お話がすんである方から質問を受けたのです。

「般若心経をよく読むのですが、いったいみなさんはその意味が分かって読んでいるのですか。分からず読んでも功徳があるのですか」と。

般若心経は「人がこの世を生きていくための知恵」を説いているのですが、
そのときはこう答えたのです。

般若心経は難しいお経なので、簡単にはその意味は分からないと思います。
でも次の2点を注意して読んでいただければ、と思います。

まず一点目です。
柔道や剣道、あるいは書道でも、みな基本から入っていきます。
基本がちゃんと出来ていろいろな技を教わったり、字でもしだいに難しい字を習っていきます。

それと同じように、般若心経の基本は、姿勢を正し、経本を目の高さまで慎んで持ち、大きな声で読むことから始めます。 読む心構えとしては、般若心経の一つひとつの字を、それが仏様であると感じて読むことです。

「般」という仏様、「若」という仏様というように、口元から、そんな仏様が出てくるような思いで読むのです。

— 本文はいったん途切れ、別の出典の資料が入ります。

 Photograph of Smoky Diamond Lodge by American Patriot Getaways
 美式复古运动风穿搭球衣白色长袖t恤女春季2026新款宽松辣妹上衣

そうすると最後を読み終えると、270以上の仏様が自分の口元から出てきたことになります。 それは多くの仏様と私が一緒になったことを意味しています。そんな思いが安らぎを与えてくれるのです。

2点目は、各人の心の深まり、悟りの深さによって、そのお経のとらえ方も違ってきます。

たとえば般若心経を読むと心が落ち着くと思う人は、般若心経は心を落ち着ける力があると理解していいでしょうし、 般若心経を読むと、とても有り難くなると言う人は、般若心経が感謝の思いを抱かせてくれる意味があると思えばいいでしょう。

このお経を読むことで、自分の迷いや悩みことが無くなると思う人は、迷いを取り去ってくれるお経であると思えばいいでしょう。

そんな心の深まりによって、さらに真なる意味を発見していくのです。

こんな意味のお答を致しました。

さらに深く言えば、般若心経は「永遠の命の世界を説いているお経である」というのを、知識として持っていただければと思います。